Script for converting the checkpoint
Hi @gollark , could you provide the script you used to make the conversion to transformers? Thanks!
It's an ugly hack in here (https://github.com/osmarks/transformers-patch-siglip) somewhere.
I forgot how exactly I did it but you need to copy some hardcoded dimensions out of BigVision (the Google repo for training). In principle they could probably be read out of the checkpoints but I didn't bother with this.
Ok thanks!
I think you mostly need https://github.com/google-research/big_vision/blob/50622cb37bc42080e31309d0c47dc585425761f9/big_vision/models/vit.py#L249, https://github.com/osmarks/transformers-patch-siglip/blob/bc1553b2230e624dbd9fece46b8431460e9d227a/src/transformers/models/siglip/convert_siglip_to_hf.py and the other dimensions in https://colab.research.google.com/github/google-research/big_vision/blob/main/big_vision/configs/proj/image_text/SigLIP_demo.ipynb.

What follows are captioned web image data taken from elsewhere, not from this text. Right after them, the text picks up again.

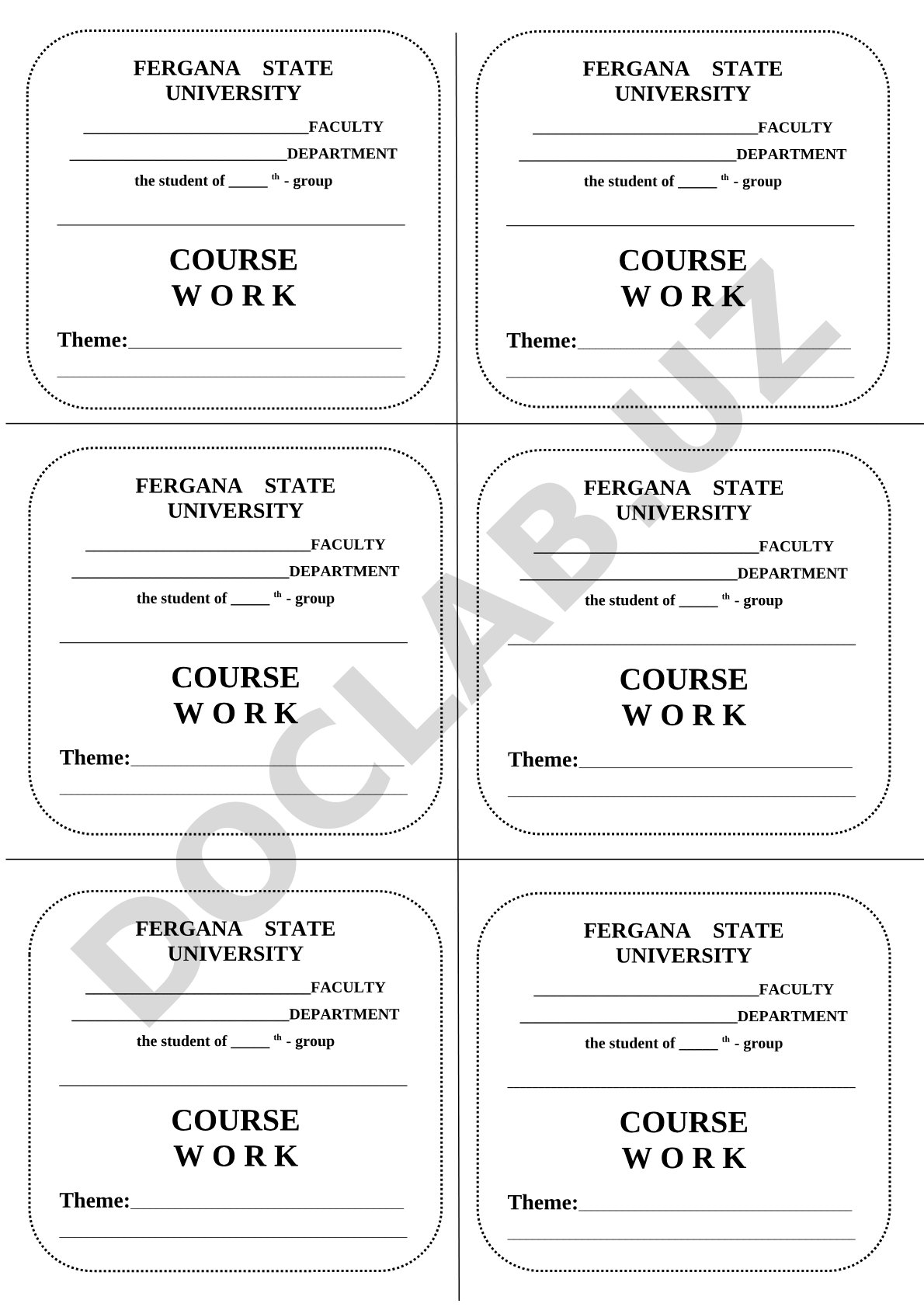 Course Work Theme
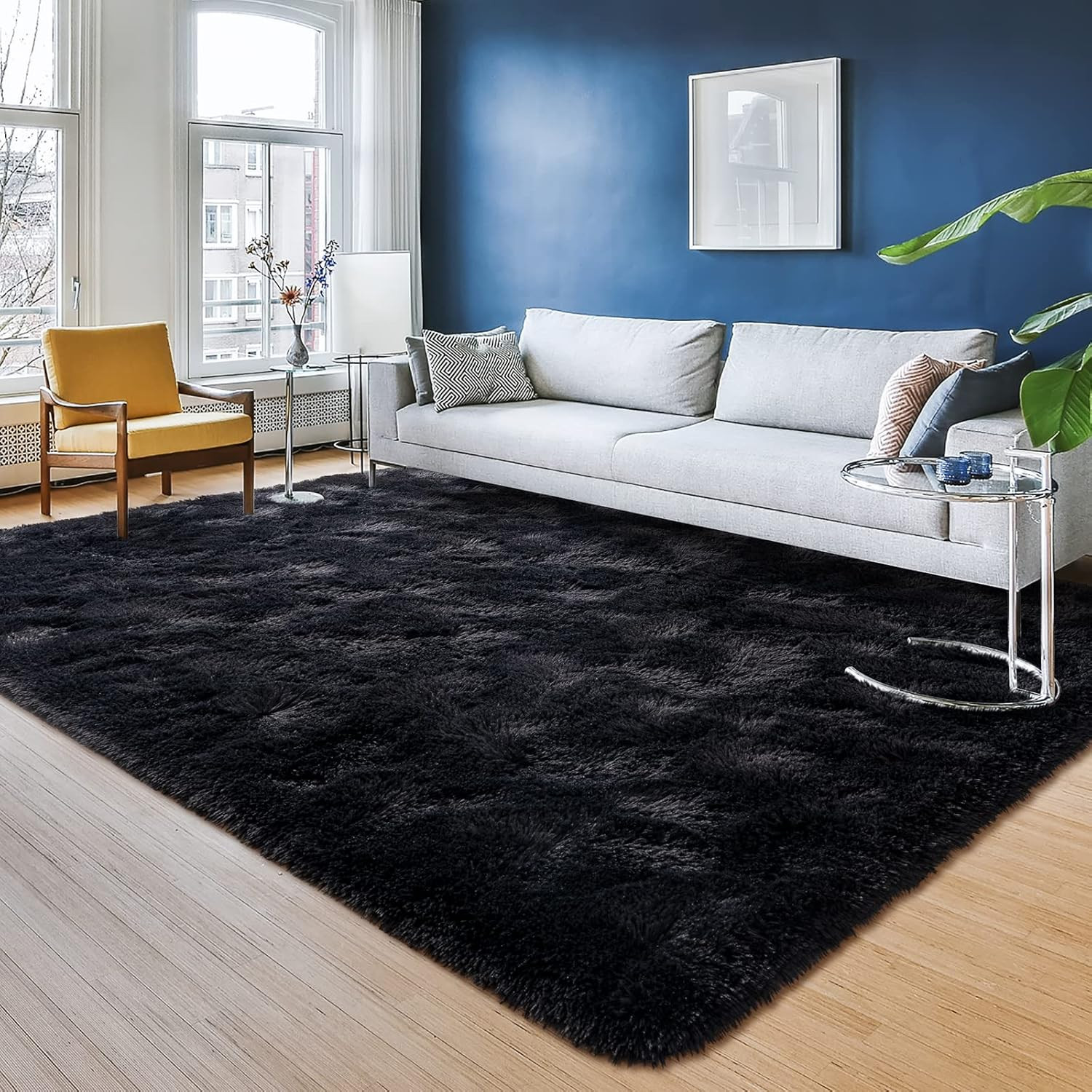 Fluffy Runner Rug for Bedroom Living Room, 2X6 Feet Dark Purple Shag Area Rugs,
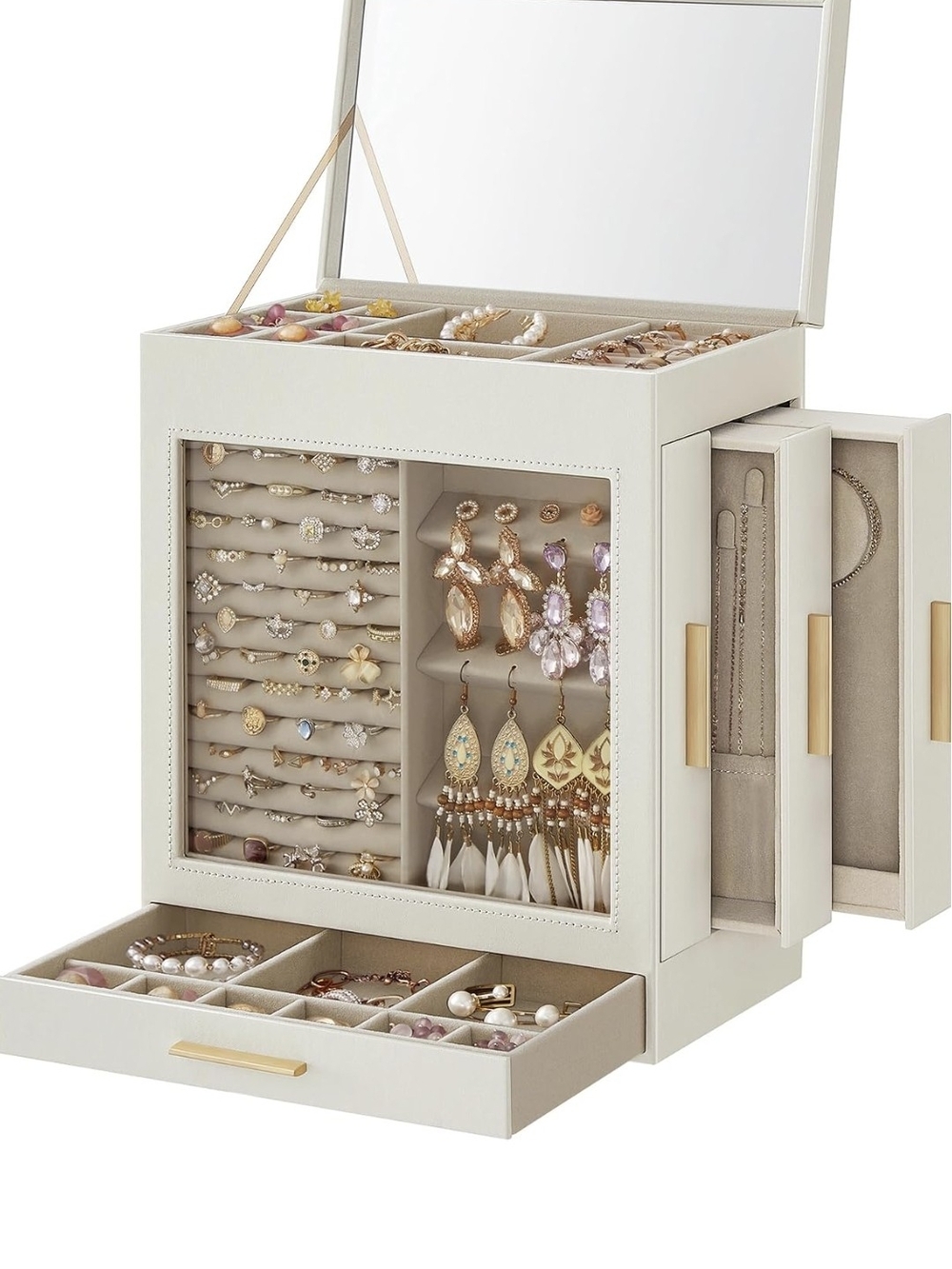 SONGMICS 5-Layer Jewelry Box with Deluxe White Jewelry Organizer Box with Mirror
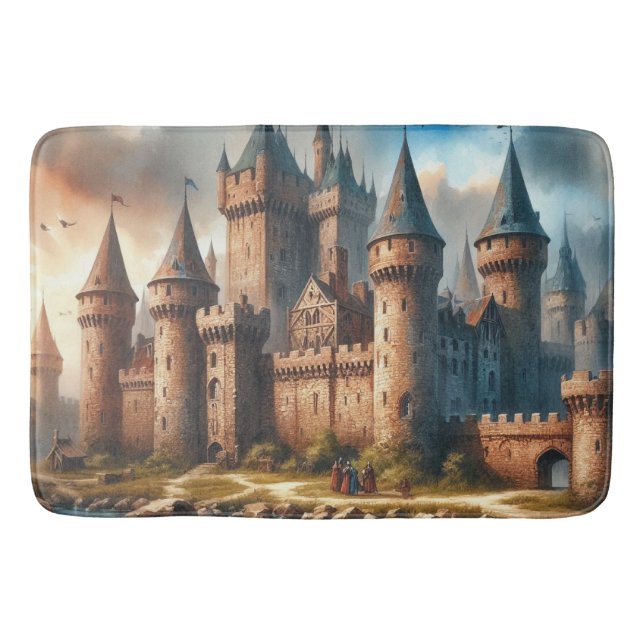 Medieval Castle by a Tranquil River at Sunset Bath Mat (Front)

Yes exactly, essentially download withgsutil cp gs://big_vision/siglip/webli_en_so400m_384_58765454.npz ./
I checked on the original weights that the dimensions are correct with
config.text_config.vocab_size = 32000
config.text_config.hidden_size = 1152
config.text_config.intermediate_size = 4304
config.text_config.num_hidden_layers = 27
config.text_config.num_attention_heads = 16
config.text_config.max_position_embeddings = 64
config.vision_config.hidden_size = 1152
config.vision_config.intermediate_size = 4304
config.vision_config.num_hidden_layers = 27
config.vision_config.num_attention_heads = 16
config.vision_config.image_size = 384
config.vision_config.patch_size = 14
(same as you did)